Wednesday, November 11, 2015

REPUBLICAN DEBATERS GET THEIR SAFE SPACE



Jonathan Martin and Patrick Healy in The New York Times:
Mr. Rubio ... repeatedly received questions that allowed him to answer with versions of his stump speech. Even he seemed unable to believe his good fortune when he was asked to make his case against Mrs. Clinton. He chuckled for a moment before unspooling a well-rehearsed argument: why he can prosecute a “generational” case against her.

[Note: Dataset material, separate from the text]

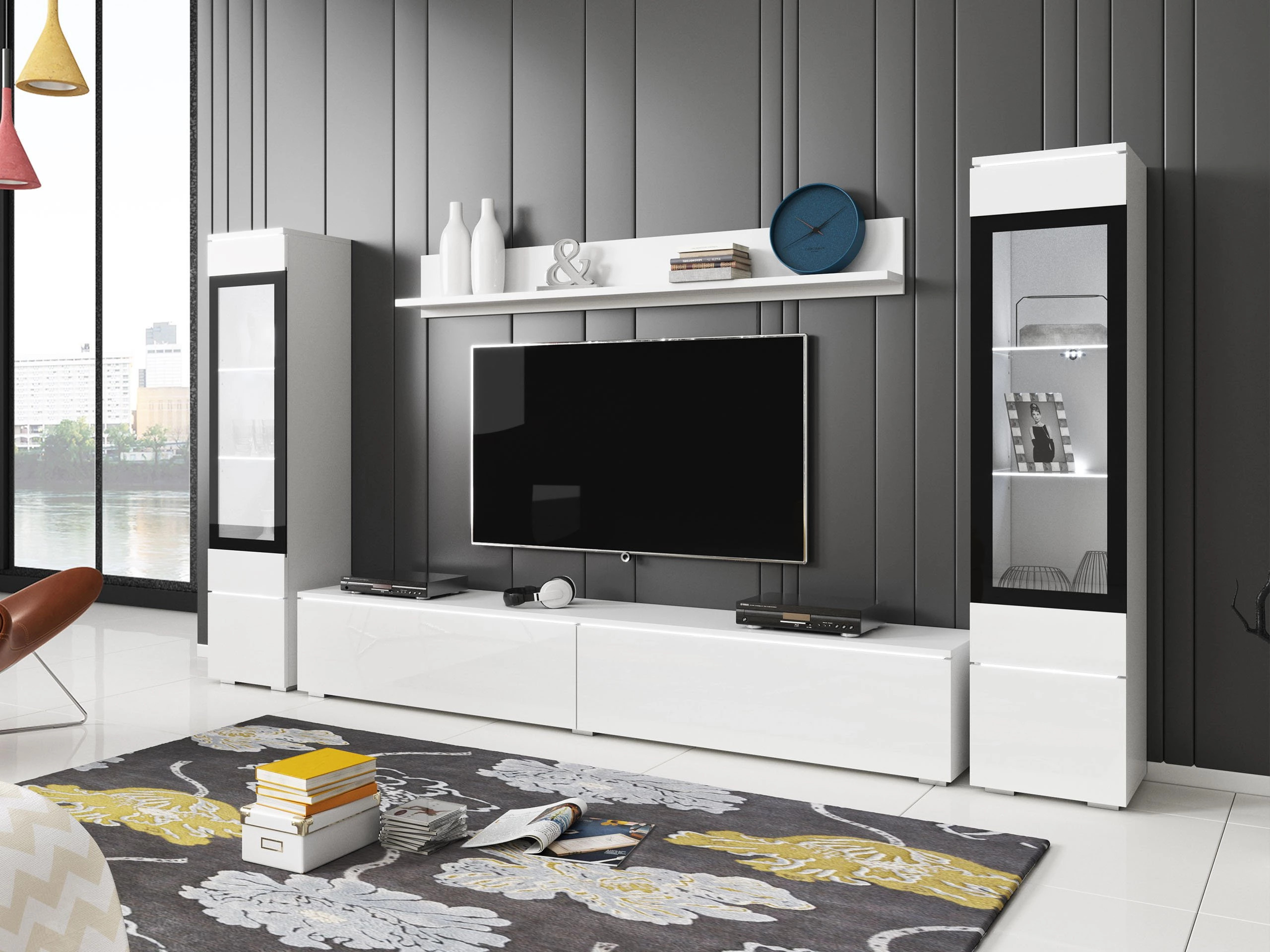 Living room set Mirfivo 101 (White + Glossy white)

“If I am the nominee, they will be the party of the past, and we will be the party of the 21st century,” said Mr. Rubio, 44.
Chris Cillizza in The Washington Post:
... the debate was largely lifeless throughout, and the lack of candidate exchanges ... meant that many of the answers offered were straight from oft-repeated talking points.
Erick Erickson at FoxNews.com:
First, Fox Business is a big winner. This debate is what all the other debates should have been.... the moderators did not try to be the stars of the show.
Josh Marshall at Talking Points Memo:
In the post game Ben Carson just told moderator Neil Cavuto he and the rest of the candidates were very happy with the moderators - which pretty much tells the whole story. "Well, can I say the candidates were very happy with you guys."
After the CNBC debate, Carson said he wanted the debates to be a safe, nurturing space:
“Debates are supposed to be established to help the people know the candidates… what their philosophy is,” Mr. Carson told reporters before a morning appearance at Colorado Christian University. “What it’s turned into is a ‘gotcha’ opportunity to cast candidates in a negative light.

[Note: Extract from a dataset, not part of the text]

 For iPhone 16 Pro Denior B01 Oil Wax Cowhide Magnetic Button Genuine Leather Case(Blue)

“That’s silly. That’s not really helpful.”
Before the debate, Fox Business's lead moderators, Neil Cavuto and Maria Bartiromo, said they were happy to oblige:
"My goal is to make myself invisible,” Cavuto, one of three moderators for the prime-time debate, said in an interview last week. "That I’m not the issue. ... That we’re not the issue. The answers to what we’re raising become the issue."

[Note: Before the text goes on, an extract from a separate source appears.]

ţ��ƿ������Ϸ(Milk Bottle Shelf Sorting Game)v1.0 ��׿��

Bartiromo sounded a similar note: “After that [CNBC] debate, I realized, I knew my marching orders. It was clearer than ever what my marching orders are, and that is to help the viewer, help the voter better understand what each candidate’s plan is; is it a realistic plan, can it work and how is it different from the next guy or gal, and that’s what I plan to focus on."
As I've said in previous posts, the Republican candidates chastised CNBC in terms strikingly similar to that Yale student's complaints about the master of her college, after the master's wife told students to just shrug off racist Halloween costumes:
As your position as master, it is your job to create a place of comfort and home for the students that live in Silliman. You have not done that....

It is not about creating an intellectual space! It is not! Do you understand that? It’s about creating a home here!
In last night's debate, Fox Business knew better than to create an intellectual space. Instead, Fox Business created a nice, safe GOP home.

3 comments:

John Taylor said...

Of course, moderators knew better than to dig into policy specifics. That's because the Republican policies are horrible and better kept hidden.

Unknown said...

There's a very limited market for The Shut-in Show hosted by Clarice Comforter and Norman Nonthreatening.

Professor Chaos said...

If the best reason you can come up with to vote for you is that you're younger than your opponent, you got nuthin', Marco.